With his syllable-cramming delivery and gritty beats, Tona isn't up on the trendy sounds of the city, but that doesn't mean he should be overlooked
Scarborough MC Tona’s nimble baritone has been gracing Toronto’s hip-hop scene for over a decade. Despite his consistency and durability, he could still build a case for being one of the city’s most overlooked wordsmiths. As a member of the formidable rhyme collectives Freedom Writers and Naturally Born Strangers – the latter of whom he won a Juno with for Best Rap Recording in 2015 – Tona’s credentials as a skillful mic wielder aren’t in question. But he’s also an arresting and compelling solo artist, and fifth album Black Mirror picks up where 2016’s The Ivy League left off in proving that.
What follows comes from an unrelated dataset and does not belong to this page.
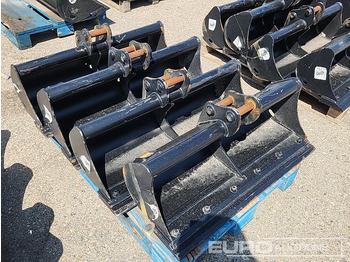 Нови Кофа Unused Yanmar G02R-0900-6096: снимка 3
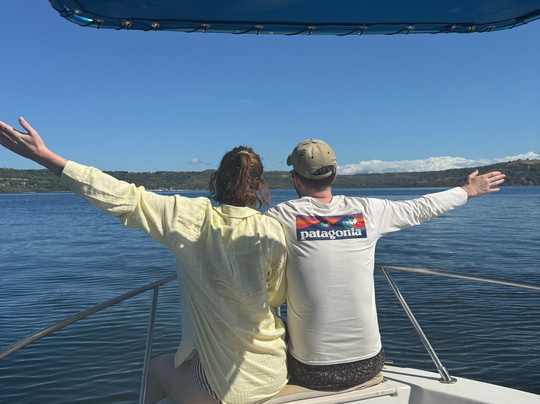 Pacific Coast Discovery-Gulf of Papagayo必去景点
With his syllable-cramming delivery and gritty beats – this time entirely provided by established producer Memorecks – Tona is a decided outlier against the melodic vocal delivery and smoothed out ambient soundscapes that some would immediately associate with a Toronto hip-hop sound in 2018, and he seems to defiantly revel in the differences. “Over here we’re dumb focused/Came the closest to unleashing my magnum opus/Still get inspired off Dilla and Flying Lotus,” he rhymes on the low-end rattling The Shield.
Tona also builds on the diasporic connections he explored on The Ivy League’s Grime Date by reuniting with London, UK, artist Skripture on the futuristic bounce of Tomorrowland, one of Black Mirror’s standout tracks.
Additionally, War Child, the previously released initial salvo from the album, is a statement of resistance against a laundry list of societal ills as Tona continues to fuse and hone his battle-hardened flow with the social conscience of his group projects, insisting there’s “no redacting my sounds of Blackness.”
It’s these instances that make Tona’s creative arc continue to move upwards.